La commission d’enquête a également préconisé trente-cinq propositions « répondant à trois axes de réforme majeurs : faire preuve de lucidité sur la nature du narcotrafic et le traiter pour ce qu’il est, une menace pour les intérêts fondamentaux de la nation ; frapper le « haut du spectre » et ne plus limiter la lutte à des opérations d’ordre public de type « place nette » ; structurer enfin l’action des services en charge de la lutte contre le narcotrafic. »3

Ce sont sur cet état des lieux de la menace et sur la pertinence de ces propositions pour lutter contre la criminalité organisée autour du narcotrafic que Louis Laugier était ainsi invité à réagir. Cet article reprend une partie de son argumentation, présentée ici sous forme d’une série de deux parties.

Si le DGPN a partagé le même constat inquiétant que les parlementaires quant à l’explosion d’un « marché en pleine expansion » (partie I), il a souhaité nuancer le jugement un peu sévère du rapport de la Commission d’enquête quant à l’efficacité des solutions apportées au problème (partie II).

 

La “mexicanisation” de la France : un phénomène international en pleine expansion (partie I)

Le directeur général de la Police nationale a reconnu que le narcotrafic était une véritable priorité nationale et a souligné sa convergence d’analyse avec les rapporteurs de la commission d’enquête dédiée à cette question quant à l’état de la menace, lesquels parlent ainsi d’« ubérisation » du narcotrafic avec « des routes (…) qui changent constamment » :

« Sans cesse plus nombreux, les produits stupéfiants sont acheminés par une infinie variété de routes, au gré de l’action répressive des États et des réponses trouvées par les trafiquants. Ces routes se reconfigurent constamment, au gré de la réponse pénale dans certains États ou, au contraire, des opportunités qui s’ouvrent dans certaines zones – l’Afrique de l’Ouest, zone « rebond » du trafic transatlantique de cocaïne, mais aussi, de manière particulièrement préoccupante, nos outre-mer (Antilles, Guyane), victimes du report du trafic partant du Suriname. En résumé, dès qu’une voie se ferme, une autre s’ouvre : comme un flot qui monte inexorablement, le trafic semble toujours trouver un moyen de s’infiltrer. (…)

La mobilité devenue extrême des plus grands trafiquants est le reflet d’une mentalité en profonde évolution : ceux-ci sont, plus encore qu’avant, des opérateurs économiques qui raisonnent en termes de business et adoptent tous les procédés du capitalisme (division du travail, sous-traitance, délocalisations, etc.) – à cette différence près que leurs deux principaux moyens d’action sont la corruption et la violence, parfois extrême.
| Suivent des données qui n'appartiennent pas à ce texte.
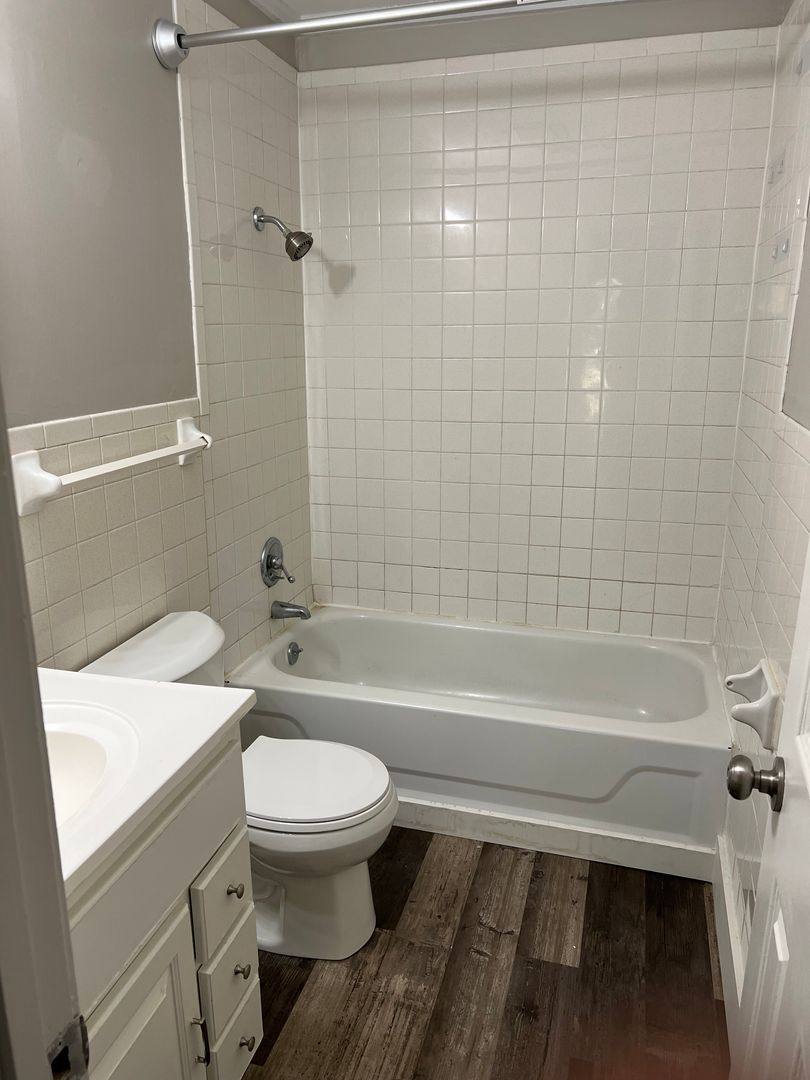 Apartment for rent at 406-408 Rogers, Jonesboro, AR 72401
Alors que les procédés utilisés par les cartels sudaméricains et mexicains étaient jusqu’ici inconnus en Europe, l’exemple de la « Mocro Maffia », ce groupe néerlando-marocain responsable de l’assassinat d’un célèbre journaliste néerlandais et d’un avocat, montre que ces organisations, même en Europe, n’hésitent plus à défier l’État. Une véritable « start-stups Nation » : l’ubérisation du trafic Les narcotrafiquants se caractérisent également par une inventivité et une agilité peu communes, une capacité à s’adapter à la répression, à diversifier leurs modes d’action. Ils peuvent d’autant mieux le faire que la rentabilité colossale du trafic leur permet d’assumer des pertes importantes. En somme, ce sont des ultracapitalistes délivrés de la contrainte réglementaire. (…)
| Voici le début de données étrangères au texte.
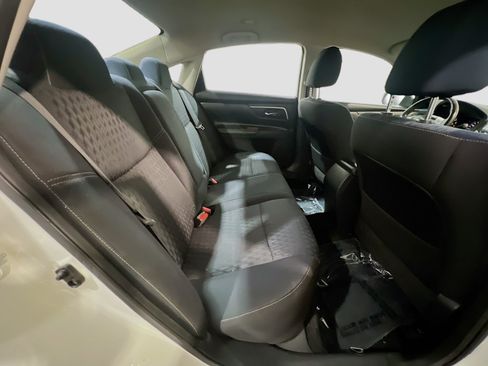 Used 2018 Nissan Altima 2.5 SV FWD image 18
[I]dentifier et saisir les avoirs criminels reste une véritable course d’obstacles du fait à la fois de la complexité et de l’opacité des formules utilisées par les trafiquants, là encore très créatifs, et de l’insuffisance des outils juridiques et techniques mis à la disposition des services d’enquête. Il en résulte une décorrélation entre le chiffre d’affaires du narcotrafic et les confiscations : alors que le trafic représente chaque année 3,5 milliards d’euros, en fourchette basse, et qu’il constitue le marché criminel le plus important en valeur dans notre pays, les saisies qui en découlent ne représentent que 14 % du total des saisies opérées par la police et la gendarmerie en 2023, soit à peine 117 millions d’euros. (…) »4

De l’avis de Louis Laugier, La mondialisation des échanges et l’impossibilité de tout vérifier (en particulier dans les ports) font que les criminels ont mis sur pied des « chaînes logistiques très efficaces » venant d’Amérique latine pour la cocaïne, d’Afghanistan pour l’héroïne, du Maroc pour la résine de cannabis et d’Europe pour les drogues de synthèse.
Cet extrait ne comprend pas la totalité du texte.